If the only method to pip install custom packages is to not use the packaged python that is okay, too.

Using pip for the “(Glyphs)” Python installation is fairly recent. You can see an example use here:

This will get easier as we figure out how to best offer pip to extension developers. If you have any questions, let us know!

1 Like

Ah, this is interesting, so this would run a pip install from inside a plugin?

What I was interest in is installing packages into the python environment that Glyphs uses (when using Glyph’s packaged environment in the Settings), something like /where/is/glyphs/python/bin/pip install ... … where is it and can I install like this from terminal?

The path depends on the version of Python. Currently, it’s

/Users/USERNAME/Library/Application Support/Glyphs 3/Repositories/GlyphsPythonPlugin/Python.framework/Versions/3.11

which you can get dynamically in Python as

from GlyphsApp import GSScriptingHandler
GSScriptingHandler.sharedHandler().currentPythonPath()

With that, you can use PIP like so:

.../3.11/bin/python3 -m pip install --target TARGET ...

where TARGET is

/Users/USERNAME/Library/Application Support/Glyphs 3/Scripts/site-packages

which you can get dynamically in Python as

GSGlyphsInfo.applicationSupportPath() + '/Scripts/site-packages'
1 Like

Is that so? Is this a good/secure thing to allow plugin developers to randomly install anything via pip?

Asking as a developer myself.

It’s no more good/secure than other existing avenues, just easier. If you need to “pip install” something just for your plugin, install those dependencies outside of the shared site-packages directory so you don’t introduce conflicts.
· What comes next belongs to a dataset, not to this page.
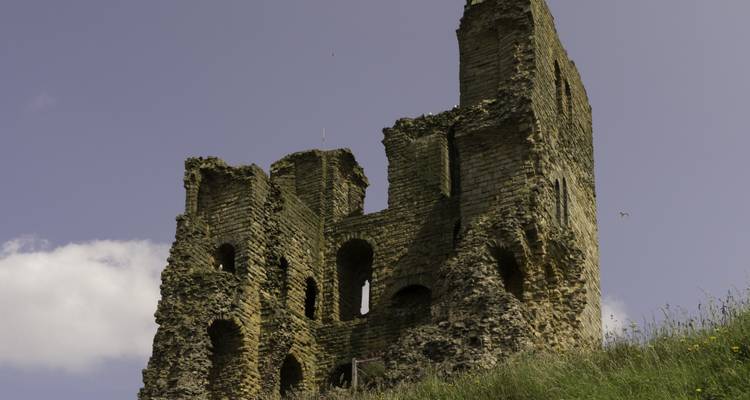 Ruines de pierre d'un château se détachant contre le ciel.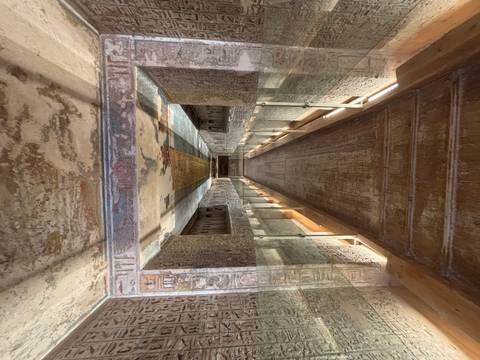 Walkway inside an ancient tomb with carvings.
It’s all still more mechanical than it should be. Ideally, you could define requirements in the package index or somewhere else and Glyphs would manage those requirements for you. But how exactly that should happen is still an open question.

1 Like

The requirement thingy is already working (at least partially). I use it for the paddle framework like that.

There are some modules that can only be installed by pip and not by cloning a repo.
In Python projects, this is done by specifying needed modules in “requirements.txt”. We are thinking to do something similar. I thought about adding a “requirements” key to the packages file, but maybe we can actually support “requirements.txt”
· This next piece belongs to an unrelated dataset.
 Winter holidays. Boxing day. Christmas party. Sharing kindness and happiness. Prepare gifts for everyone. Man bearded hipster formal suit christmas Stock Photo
The requirements.txt is usually used to recreate an exact environment with exact version numbers of all participating packages. That may lead to conflicts between package versions when they are installed into Glyphs’ site-packages.

A better solution would be to use the install_requires key from “modern” Python packages’ setup.cfg file, as it can be used to specify minimum and maximum package versions:

install_requires =
    defcon >= 0.10.3
    fontmake >= 3.9.0
    glyphspkg >= 0.1.10
    lfFontTools[dsig,fontbakery,pdf,ttinst,ufo] >= 0.43.21, < 0.44.0
    htmlgenerator >= 1.4.16
    pyyaml >= 6.0.1
    ufonormalizer >= 0.6.1
    vfblib >= 0.6.5
    # We want specific versions of harfbuzz to get reproducible builds
    uharfbuzz == 0.39.1
    vharfbuzz == 0.3.0

That might increase the chances that a matching package version can be found for all installed plugins.